クラシックに限らず世界に関たる超一流のアーティストが次々と来日します。
先日のポール・マッカートニーしかりです。
世界一のアーティストが集まるセンターが東京と言われるだけのことはあります。
このようなコンサートで、特に私はオーディオを趣味としていますので、聴き方がどのようなものだろうか、と
考えてみました。
私は本も非常に多くの本を読みます。
その本に照らしてみたのです。
私はそんなに小説は読みません。そんなに、ですのでたまに読みます。
『永遠のゼロ』は久しぶりに涙して読みました。海外に行っていた時に帰国の飛行機で読みました。
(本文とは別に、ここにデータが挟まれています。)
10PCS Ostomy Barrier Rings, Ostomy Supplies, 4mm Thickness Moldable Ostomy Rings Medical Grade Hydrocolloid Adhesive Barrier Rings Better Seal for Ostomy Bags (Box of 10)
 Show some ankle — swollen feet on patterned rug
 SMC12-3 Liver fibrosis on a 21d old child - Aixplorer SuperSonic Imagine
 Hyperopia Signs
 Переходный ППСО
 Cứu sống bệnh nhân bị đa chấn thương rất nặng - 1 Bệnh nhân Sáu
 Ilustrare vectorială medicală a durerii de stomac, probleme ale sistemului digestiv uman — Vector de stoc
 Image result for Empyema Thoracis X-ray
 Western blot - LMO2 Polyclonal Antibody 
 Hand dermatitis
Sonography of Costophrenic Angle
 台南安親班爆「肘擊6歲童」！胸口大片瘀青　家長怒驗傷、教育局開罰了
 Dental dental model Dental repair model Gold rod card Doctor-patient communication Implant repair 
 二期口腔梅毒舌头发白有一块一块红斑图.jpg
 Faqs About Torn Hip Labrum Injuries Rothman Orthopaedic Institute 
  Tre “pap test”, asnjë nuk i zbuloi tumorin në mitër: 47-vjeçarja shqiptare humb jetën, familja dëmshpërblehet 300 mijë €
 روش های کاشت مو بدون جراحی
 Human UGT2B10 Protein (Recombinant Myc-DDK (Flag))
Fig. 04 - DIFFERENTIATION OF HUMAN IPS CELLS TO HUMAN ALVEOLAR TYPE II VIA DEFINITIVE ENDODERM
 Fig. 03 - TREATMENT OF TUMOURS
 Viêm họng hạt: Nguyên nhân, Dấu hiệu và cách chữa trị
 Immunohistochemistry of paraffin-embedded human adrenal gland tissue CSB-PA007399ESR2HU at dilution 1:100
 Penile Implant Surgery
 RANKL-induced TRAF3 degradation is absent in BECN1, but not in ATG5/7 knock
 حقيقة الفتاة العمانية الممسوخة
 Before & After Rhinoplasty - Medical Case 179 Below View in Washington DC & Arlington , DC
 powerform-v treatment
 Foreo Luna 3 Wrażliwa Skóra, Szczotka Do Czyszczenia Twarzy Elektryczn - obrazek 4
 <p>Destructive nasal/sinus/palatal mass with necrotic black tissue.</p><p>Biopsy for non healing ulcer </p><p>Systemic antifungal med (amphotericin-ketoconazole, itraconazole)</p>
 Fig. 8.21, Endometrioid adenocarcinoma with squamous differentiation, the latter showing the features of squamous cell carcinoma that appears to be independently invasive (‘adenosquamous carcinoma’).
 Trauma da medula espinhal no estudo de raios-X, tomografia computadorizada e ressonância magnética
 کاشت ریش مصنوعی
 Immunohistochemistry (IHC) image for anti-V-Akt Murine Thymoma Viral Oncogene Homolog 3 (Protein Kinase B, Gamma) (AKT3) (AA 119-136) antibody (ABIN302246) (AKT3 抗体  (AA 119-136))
ドバイから成田までの間、読んではトイレに行ってティッシュで鼻をかんでました。
小説というのは、その主人公に自分がなったかのごとく読み進めているのが分かります。
一方、よく読む哲学や思想書は、そこに主人公はいません。
筆者はいますが、主人公は唯一神の神のごとく超越なる声であったり、主観をこえた一般としての意思であったり、筆者の主張としての意思であったりします。
そんな得体のしれないものにいちいち感情移入してられません。(笑)
それで、私というものをその文脈やセンテンスの横に常において、対象化しながら読み進めているという
感覚でしょうか。
この哲学・思想書的な読み方が私のシンフォニーを聴きに行った時のスタンスではないか、と言うことをふと脳裏に浮かびましたので、記しておきたいと思ったのです。
つまり、目の前で演奏して聴いているのですが、脳もそれに反応はしていて心地よいという感覚があるのですが、小説のように指揮者や奏者に成りきる、というのではなく、我が家のオーディオから出てくる楽音とだぶらせながら、対話させながら聴いている感覚なのです。
正しく哲学的な読書法とよく似ていることに気がついたのです。
哲学書はこのような読み方をしないと、字面だけおっていて何も残りません。
ある程度の哲学的な語彙や西洋哲学や東洋の思想のフレームワークが分かっていないと読めません。
シンフォニーを聴きに行っても、それがベルリンフィルという超一流であろうと、ある程度の予備知識や予備脳??
を作っておかないと、その良さが分からないと思うのです。
そんな事前の知識等は必要がなく、良いものは良い、という意見もありますでしょうが、その良さのより深さを
感じるにははやり必要なことですし、聴いてはまた知識を加えて、又聴くという繰り返しがよりその人を
深く感じさせ、また言葉にした時も複雑な言葉となって著せるのではないか、と思うのです。
こんな聴き方しか出来ないのは、不幸だな、と仰る方の声も聴こえそうですが、私の聴き方を
デカルト的な目で俯瞰してみた次第です。